Se dirigió a sus hombres.

“Bajadlos al otro lado”, ordenó, con voz firme y autoritaria. “Los llevaremos ante nuestro Rey y él mismo decidirá”.

Los hombres escucharon y empezaron a ponerse en marcha, a preparar la plataforma al otro lado para el descenso y uno de sus hombres miró fijamente al líder, indeciso.

“Está violando las leyes del Rey”, dijo el caballero. “No se admiten extranjeros en la Cresta. Jamás”.

El líder lo miró fijamente con firmeza.

“Jamás unos extranjeros habían llegado hasta nuestras puertas”, respondió.

“El Rey podría encarcelarlo por esto”, dijo el caballero.

El líder no dudó.

“Ese es un riesgo que estoy dispuesto a correr”.

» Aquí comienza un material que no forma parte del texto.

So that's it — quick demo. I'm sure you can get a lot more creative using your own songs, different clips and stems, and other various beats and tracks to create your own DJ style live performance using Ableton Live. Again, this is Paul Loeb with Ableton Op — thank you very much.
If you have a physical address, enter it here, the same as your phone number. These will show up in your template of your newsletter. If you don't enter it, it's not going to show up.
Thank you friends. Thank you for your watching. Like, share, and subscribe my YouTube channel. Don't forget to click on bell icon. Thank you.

“¿Por unos extraños? ¿Por unos nómadas del desierto sin valor? dijo el caballero sorprendido. “A saber quiénes son esta gente”.

“Toda vida es valiosa”, contestó el líder, “y mi honor bien vale mil vidas en prisión”.

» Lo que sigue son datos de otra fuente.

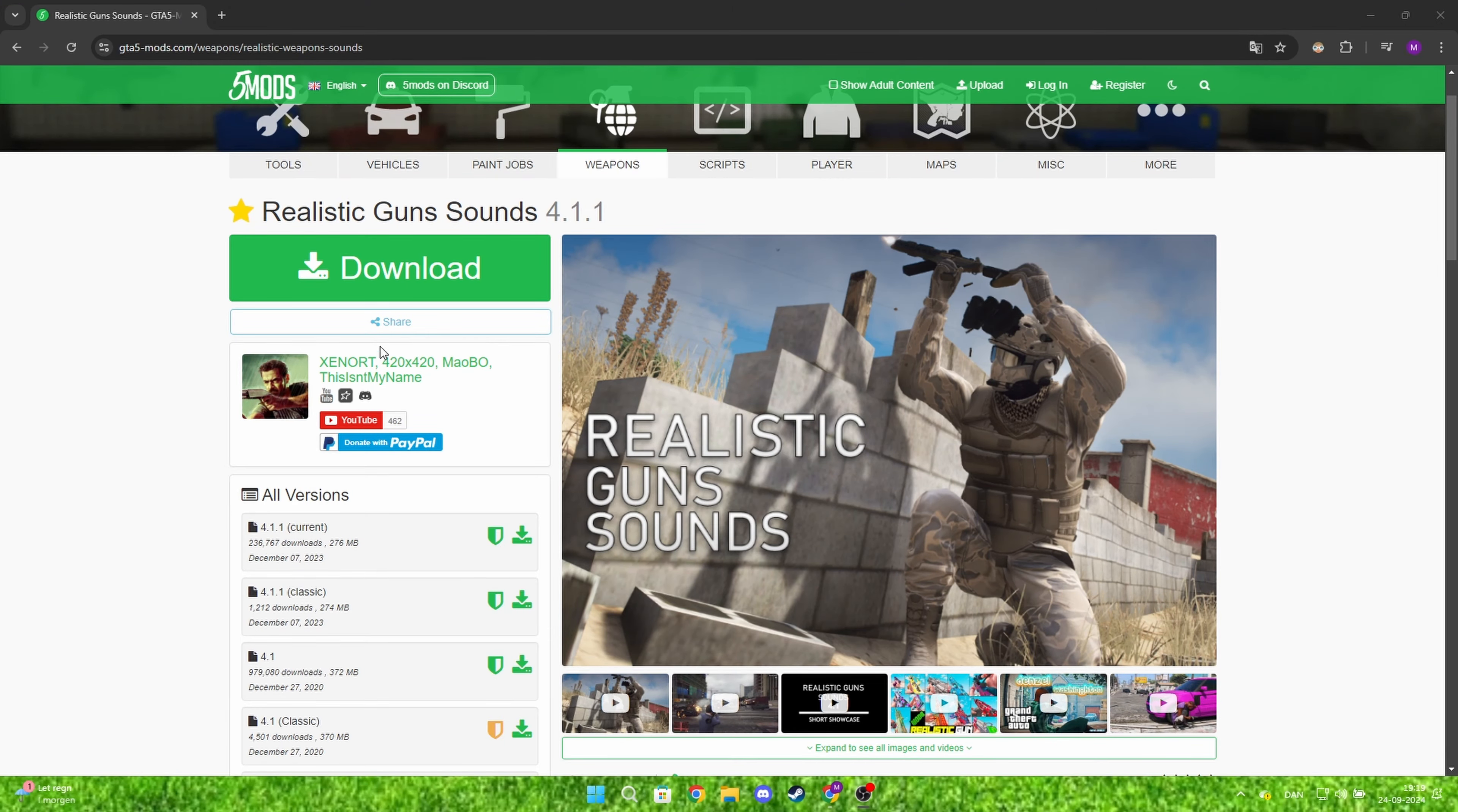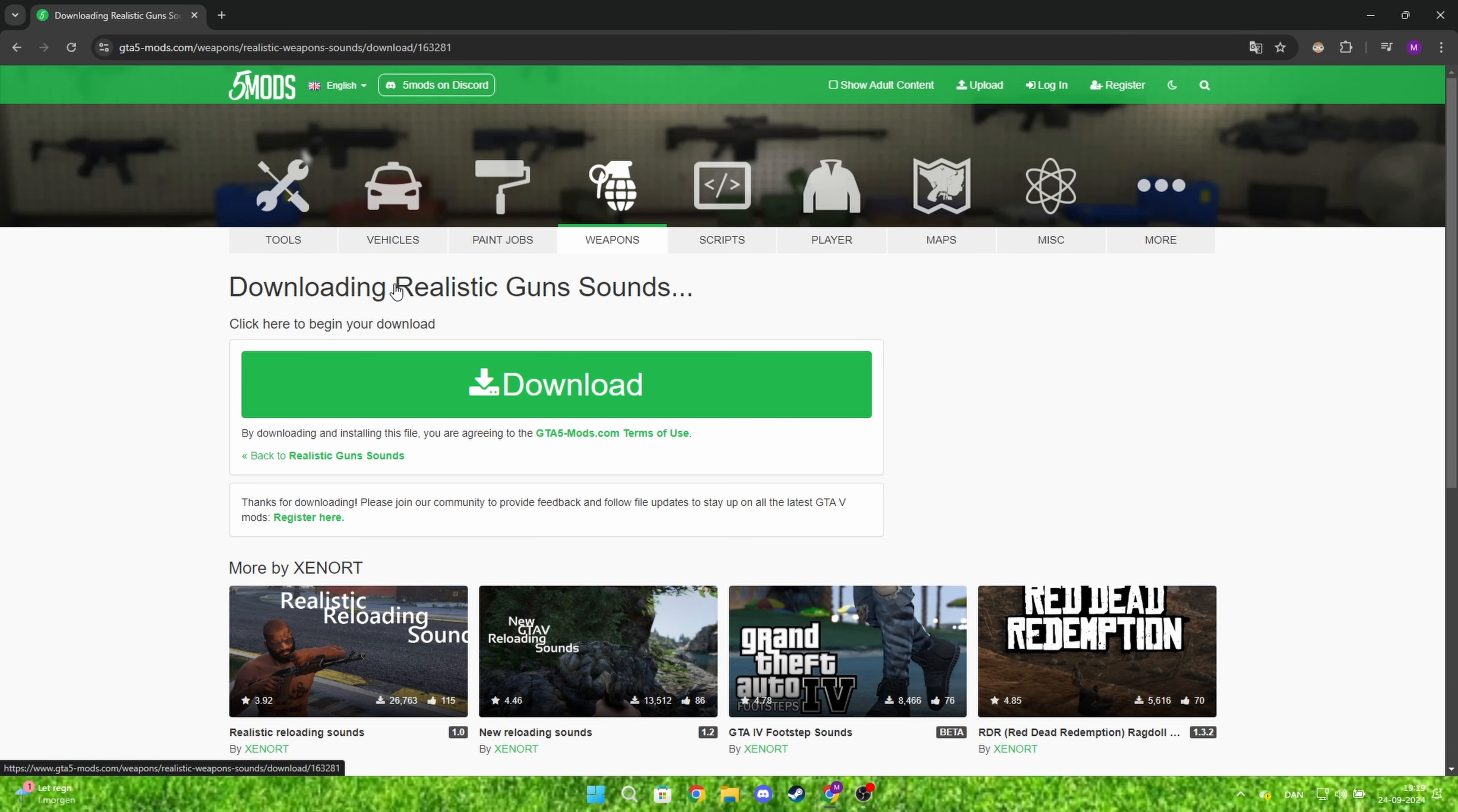First, click on the link in the description. When you're here, press the green download button. Click it again.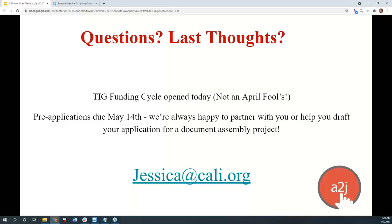Also a reminder that the TIG cycle opened up today — Jane Ribbonera just sent out an email. It's TIG season again. The pre-applications, now called letters of intent, are due May 14th. The A2J Author team is always happy to partner with you or help draft your application if you have a document assembly project or something you want added to A2J Author. This software is meant to help the authoring community, so if there's something you want added, talk to them and they'll figure out how to make it happen.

El líder hizo una señal con la cabeza a sus hombres, que estaban todos esperando, y Gwen de repente sintió que un caballero la cogía en brazos, la armadura de metal contra su espalda. La cogió sin esfuerzo, como si fuera una pluma, y la llevó, igual que los caballeros llevaban a los demás. Gwen vio que caminaban a través de un ancho plano de piedra en lo alto de la cresta de la montaña, de quizás cerca de cien metros de ancho. Andaban y andaban y ella se sentía relajada en brazos de aquel caballero, más relajada de lo que se había sentido en mucho tiempo. No había nada que deseara más que decir gracias, pero estaba demasiado agotada incluso para abrir la boca.

Llegaron al otro lado de los parapetos y mientras los caballeros se preparaban para colocarlos en una nueva plataforma y bajarlos al otro lado de la cresta, Gwen echó un vistazo y vislumbró a dónde iban. Fue una visión que nunca jamás olvidaría, una visión que la dejó sin aliento. Vio que la cresta de la montaña, que se elevaba en el desiero como una esfinge, tenía la forma de un enorme círculo, tan amplio que desaparecía de la vista en medio de las nubes. Ella se dio cuenta de que era un muro protector y, al otro lado, allá abajo, Gwen vio un resplandeciente lago azul tan ancho como el océano, centelleante bajo los soles del desierto. La riqueza del azul, la visión de toda aquella agua, la dejó sin respiración.

 

Y más allá, en el horizonte, vio una amplia tierra, una tierra tan vasta que no podía ver dónde terminaba y, para su sorpresa, era un verde fértil, un verde fértil que irradiaba vida. Tanto como la vista le alcanzaba se extendían granjas y árboles frutales y viñedos y huertos en abundancia, una tierra rebosante de vida. Era la visión más idílica y hermosa que jamás había visto.

“Bienvenida, mi señora”, dijo el líder, “a la tierra más allá de la cresta”.